Aspect-Oriented Programming (AOP) complements OO programming by allowing the developer to dynamically modify the static OO model to create a system that can grow to meet new requirements. Just as objects in the real world can change their states during their lifecycles, an application can adopt new characteristics as it develops. AOP allows us to dynamically modify our static model to include the code required to fulfill the secondary requirements without having to modify the original static model.
Areas where AOP can be included are logging, transaction management and auditing. Some of the advantages of implementing AOP
• It helps in separating the modules. For example for Logging. It can be developed as a separate module and later made to crosscut the required modules.
• Ease of debugging
• Enhancements and new modules can be added, without affecting the existing modules and affecting their performance.
Some of the popular frameworks that support AOP are AspectJ and Spring.

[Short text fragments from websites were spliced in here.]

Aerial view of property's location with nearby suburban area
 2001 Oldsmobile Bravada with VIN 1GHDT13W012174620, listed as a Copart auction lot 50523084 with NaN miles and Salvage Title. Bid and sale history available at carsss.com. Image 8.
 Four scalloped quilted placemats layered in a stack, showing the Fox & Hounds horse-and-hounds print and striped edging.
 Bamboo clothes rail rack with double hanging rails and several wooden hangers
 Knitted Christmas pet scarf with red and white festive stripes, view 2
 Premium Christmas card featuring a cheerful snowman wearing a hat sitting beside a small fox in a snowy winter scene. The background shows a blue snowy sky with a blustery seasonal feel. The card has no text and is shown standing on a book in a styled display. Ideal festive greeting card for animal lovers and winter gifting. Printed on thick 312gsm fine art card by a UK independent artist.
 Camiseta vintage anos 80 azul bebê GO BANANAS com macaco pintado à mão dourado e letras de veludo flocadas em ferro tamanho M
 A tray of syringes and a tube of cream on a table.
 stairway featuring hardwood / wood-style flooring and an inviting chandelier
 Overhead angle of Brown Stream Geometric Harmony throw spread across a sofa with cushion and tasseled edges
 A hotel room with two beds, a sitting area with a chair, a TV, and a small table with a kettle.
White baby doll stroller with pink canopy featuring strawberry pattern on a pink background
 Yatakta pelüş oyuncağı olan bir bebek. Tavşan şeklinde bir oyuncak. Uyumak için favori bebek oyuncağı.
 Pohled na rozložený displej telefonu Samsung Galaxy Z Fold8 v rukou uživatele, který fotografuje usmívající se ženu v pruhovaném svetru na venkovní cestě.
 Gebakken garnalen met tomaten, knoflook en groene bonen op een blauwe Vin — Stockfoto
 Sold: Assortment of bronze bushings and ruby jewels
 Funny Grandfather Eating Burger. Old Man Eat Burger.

Service-oriented architecture (SOA) is an evolution of distributed computing based on the request/reply design paradigm for synchronous and asynchronous applications. It helps in loose coupling between services which are implemented in different applications.
Service-oriented architectures have the following key characteristics:
• SOA services have self-describing interfaces in platform-independent XML documents. Web Services Description Language (WSDL) is the standard used to describe the services.
• SOA services communicate with messages formally defined via XML Schema (also called XSD). Communication among consumers and providers or services typically happens in heterogeneous environments, with little or no knowledge about the provider. Messages between services can be viewed as key business documents processed in an enterprise.
• SOA services are maintained in the enterprise by a registry that acts as a directory listing. Applications can look up the services in the registry and invoke the service. Universal Description, Definition, and Integration (UDDI) is the standard used for service registry.
• Each SOA service has a quality of service (QoS) associated with it. Some of the key QoS elements are security requirements, such as authentication and authorization, reliable messaging, and policies regarding who can invoke services
SOA is usually implemented using web services. But it can also be implemented using technologies like RMI and JINI.